## Records for the task
---

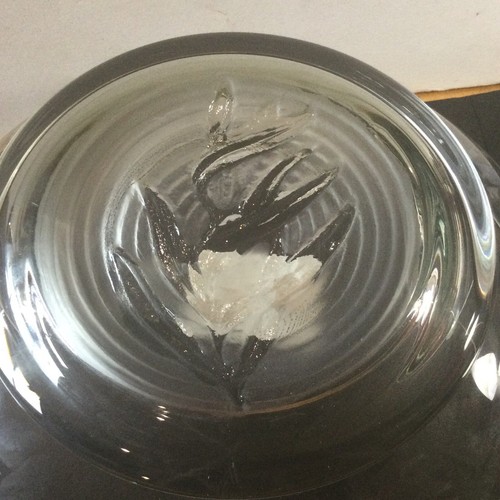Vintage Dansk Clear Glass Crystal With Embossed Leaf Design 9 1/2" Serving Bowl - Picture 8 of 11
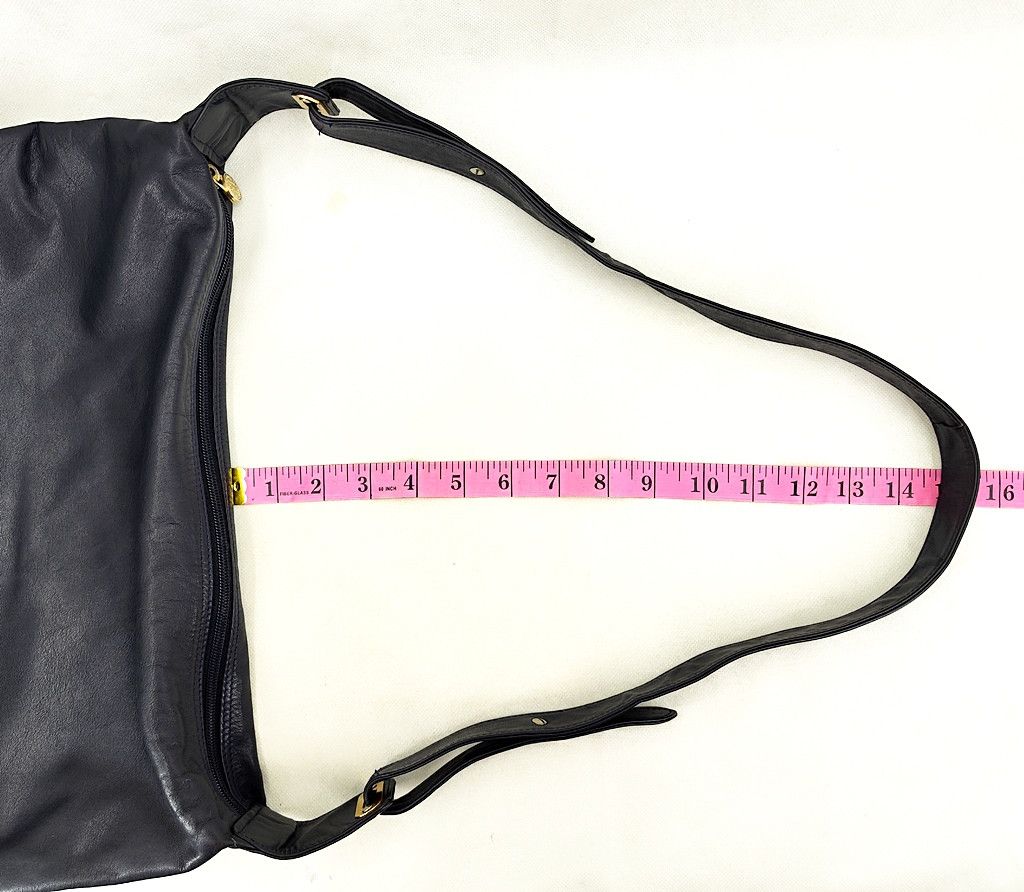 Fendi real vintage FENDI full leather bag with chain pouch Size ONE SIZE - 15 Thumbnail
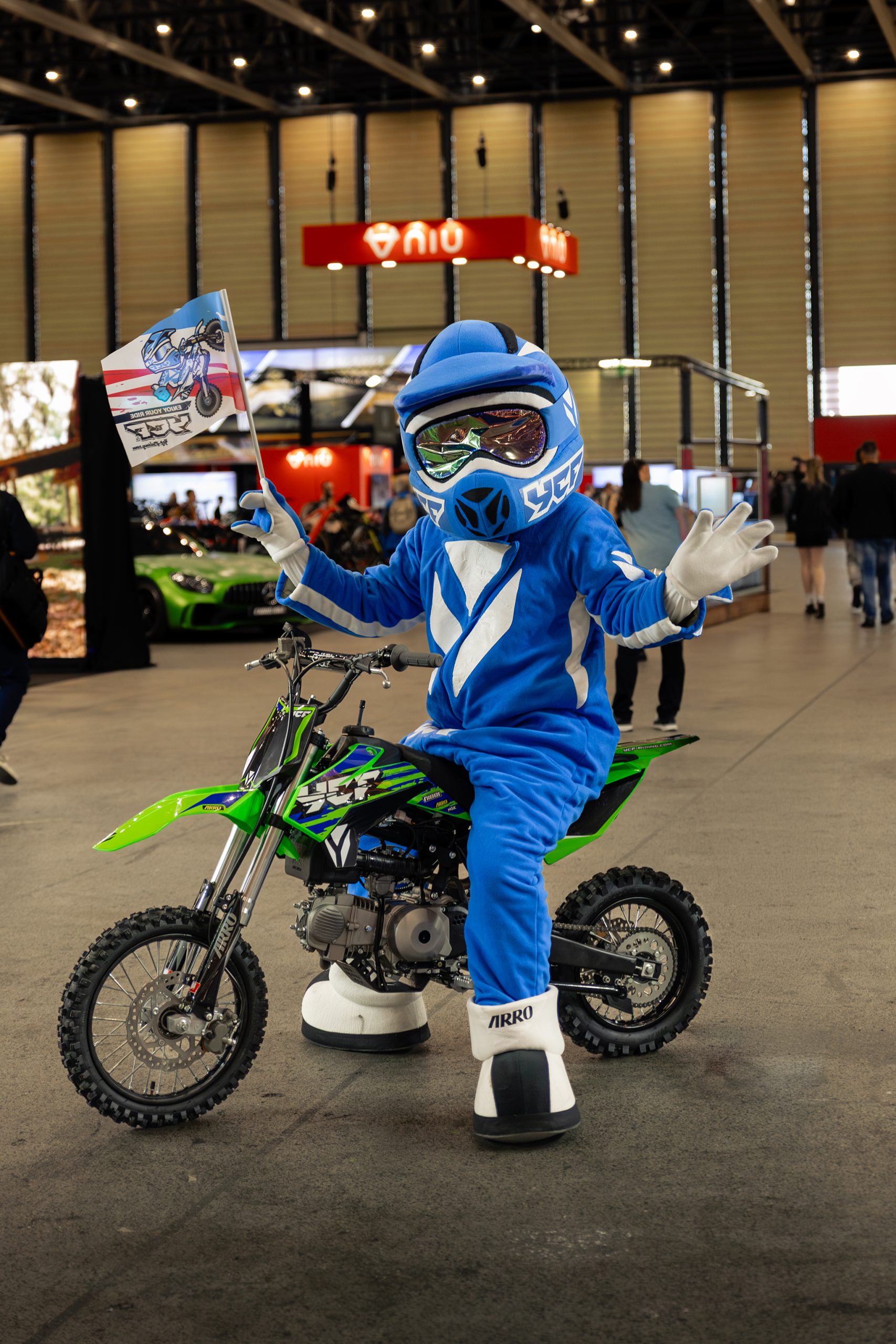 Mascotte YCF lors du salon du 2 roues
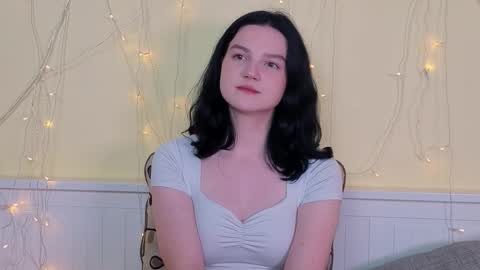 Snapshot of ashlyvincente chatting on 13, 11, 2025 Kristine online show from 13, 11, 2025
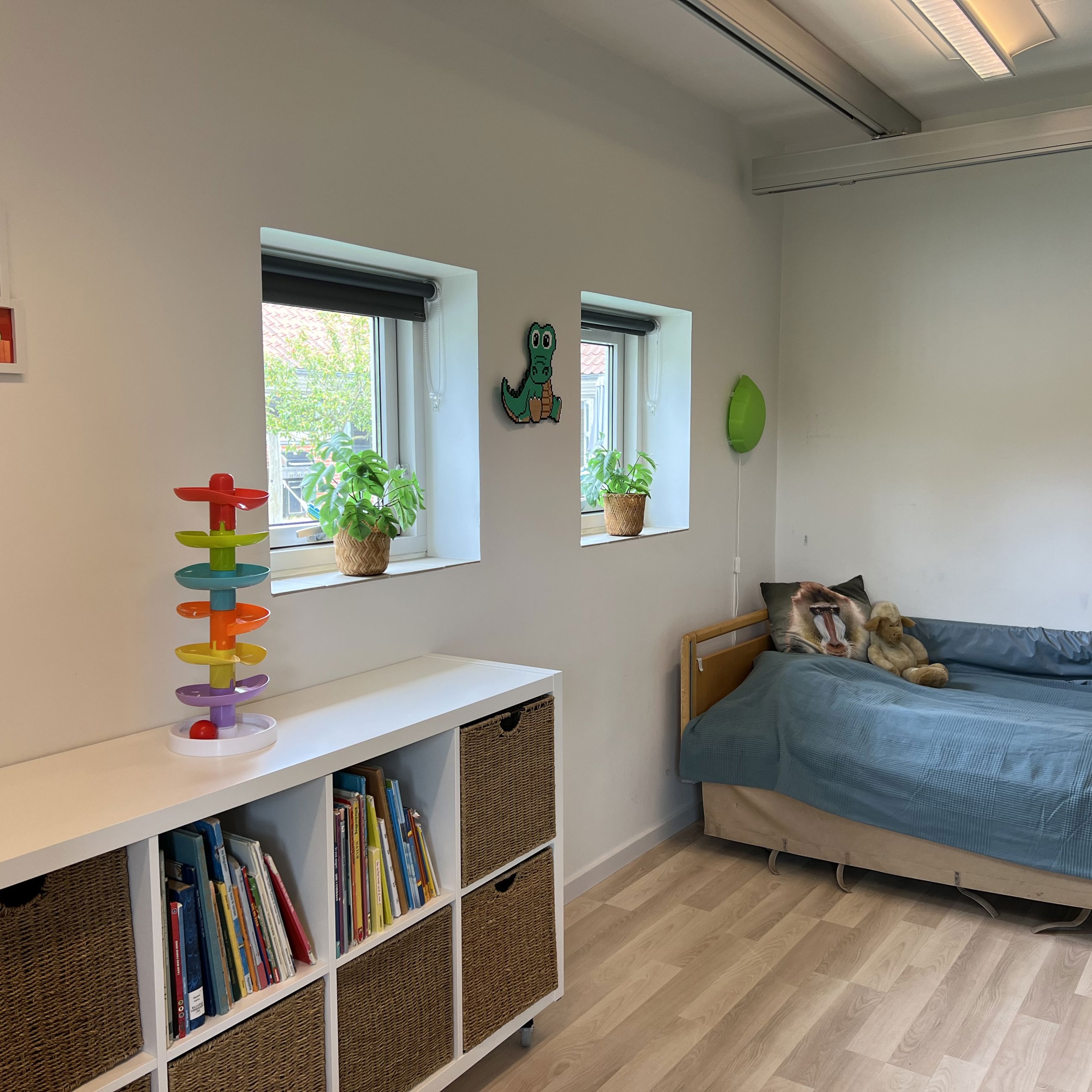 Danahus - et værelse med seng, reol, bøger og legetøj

---

## Instructions to follow
Your job is to transcribe the entries above exactly; skip the pictures.

## Solution to this problem
Vintage Dansk Clear Glass Crystal With Embossed Leaf Design 9 1/2" Serving Bowl - Picture 8 of 11
 Fendi real vintage FENDI full leather bag with chain pouch Size ONE SIZE - 15 Thumbnail
 Mascotte YCF lors du salon du 2 roues
 Snapshot of ashlyvincente chatting on 13, 11, 2025 Kristine online show from 13, 11, 2025
 Danahus - et værelse med seng, reol, bøger og legetøj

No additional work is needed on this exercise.